┌─ Material for the task

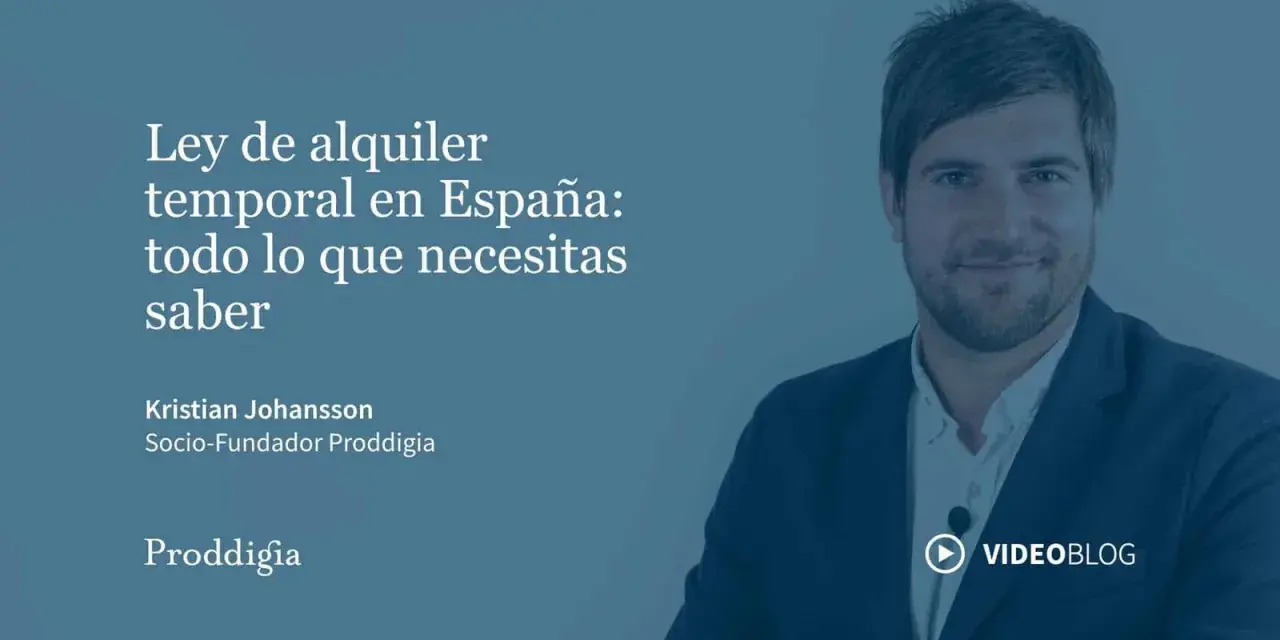 Kristian Johansson de Proddigia explica la ley de alquiler temporal en España.
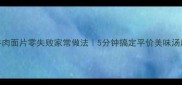 牛肉面片零失败家常做法5分钟搞定平价美味汤底
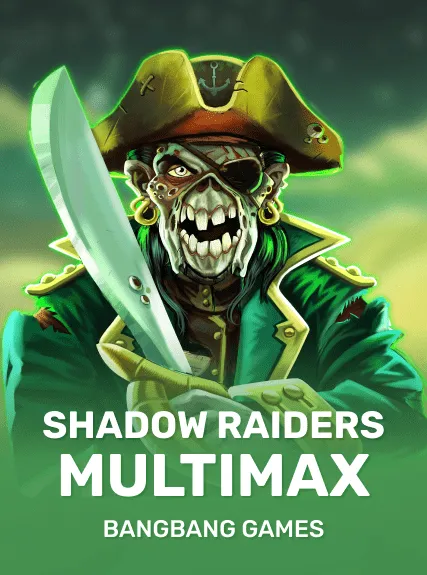 Shadow Raiders MultiMax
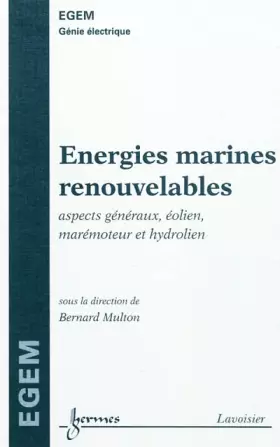 Couverture du produit · Energies marines renouvelables: Aspects généraux, éoliens, marémoteur et hydrolien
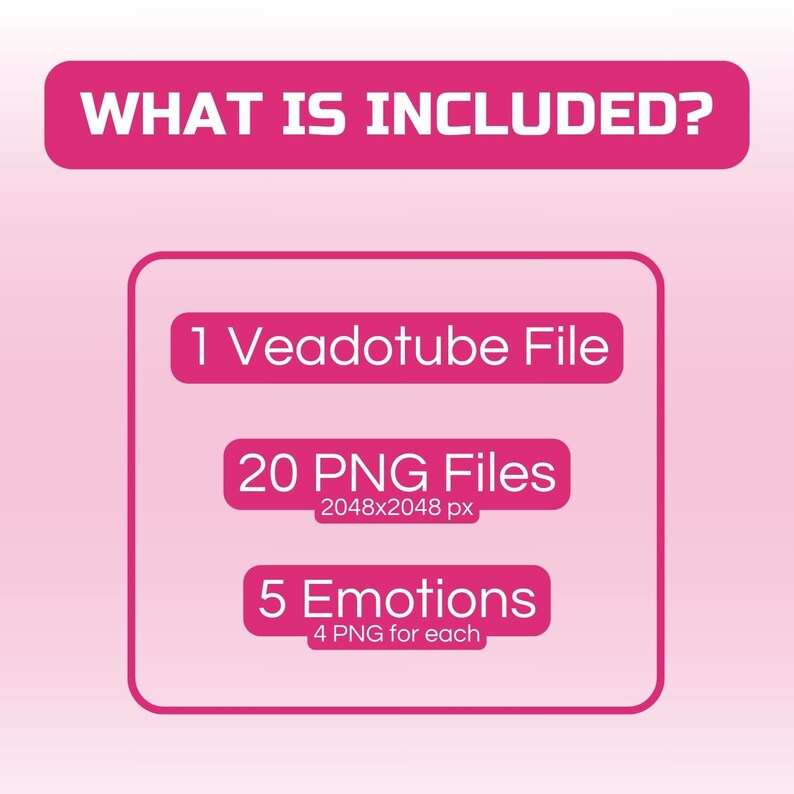 May include: Pink graphic with the text "WHAT IS INCLUDED?" and a list of digital files included: 1 Veadotube File, 20 PNG Files 2048x2048 px, 5 Emotions 4 PNG for each.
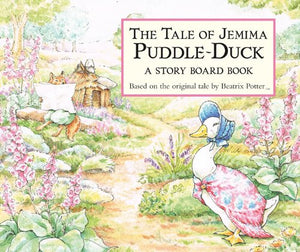 The Tale of Jemima PuddleDuck: A Story Board Book (Peter Rabbit),Used
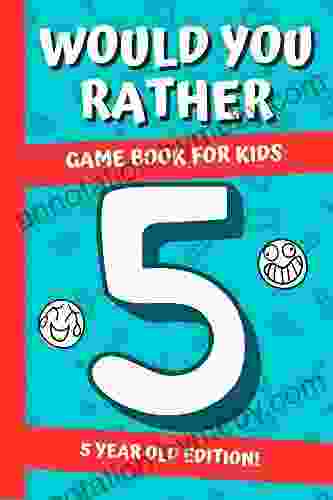 Would You Rather? Game For Kids: 5 Year Old Edition:: Hilarious Interactive Crazy Silly Wacky Question Scenarios Family Gift Ideas (Pocket Travel Games)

└─

What you are asked to do: Copy out all the records exactly, excluding pictures.

Result below:
 Kristian Johansson de Proddigia explica la ley de alquiler temporal en España.
 牛肉面片零失败家常做法5分钟搞定平价美味汤底
 Shadow Raiders MultiMax
 Couverture du produit · Energies marines renouvelables: Aspects généraux, éoliens, marémoteur et hydrolien
 May include: Pink graphic with the text "WHAT IS INCLUDED?" and a list of digital files included: 1 Veadotube File, 20 PNG Files 2048x2048 px, 5 Emotions 4 PNG for each.
 The Tale of Jemima PuddleDuck: A Story Board Book (Peter Rabbit),Used
 Would You Rather? Game For Kids: 5 Year Old Edition:: Hilarious Interactive Crazy Silly Wacky Question Scenarios Family Gift Ideas (Pocket Travel Games)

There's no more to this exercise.